Serialisation {#serialising}

The semantics of serialisation are defined by the following procedural outline.

Each structure is assigned a tag based on its structure type identifier, superstructure type identifier, and a schema which MAY be augmented during serialisation to allow all structures to have a tag.
The tagged structures are ordered and additional tagged structures created to represent serialisation metadata.

This step cannot happen before tagging because tagging may generate serialisation metadata that needs to be included in the tagged structures.
Payloads are converted to create xref structures by simultaneously
- assigning xref_ids and replacing pointer-valued payloads with string-valued xrefs
- escaping @ characters
- preserving valid escapes
- escaping unrepresentable characters
Semantically, these actions must happen concurrently because none of them should be applied to the others' results.

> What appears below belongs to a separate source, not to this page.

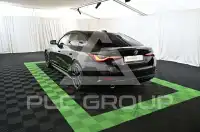 2025 BMW 420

This step cannot happen before tagging because tags are needed to determine the set of valid escapes. This step cannot happen before adding serialisation metadata because it is applied to the serialisation metadata as well.
The dataset is converted to a sequence of lines by
- assigning levels
- splitting payloads, if needed, using CONT and CONC
- ordering substructures in a preorder traversal of the tagged structures
This step cannot happen before payload conversion because valid split points are dependant on proper escaping. This step must happen before encoding as octets because valid split points are determined by character, not octet.
The sequence of lines is converted to an octet stream by
- concatenating the lines with line-break terminators
- converting strings to octets using the character encoding

Constructs

This document uses five externally-visible constructs: dataset, metadata, document, structure, and octet stream. For clarity of presentation, it also uses several intermediate constructs internally: line, xref structure, and tagged structure. Each is defined in {§glossary}.

Glossary {#glossary}

{.ednote} Line, octet, octet stream, record and structure are now defined in {§overview}, while character encoding is defined in {§parsing-linestrs}, and line break is defined in {§line-strings}. The notion of a delimiter is being removed. Dataset and document are very nearly defined in {§overview} too, but we don't currently discuss metadata there — this is an issue which needs resolving.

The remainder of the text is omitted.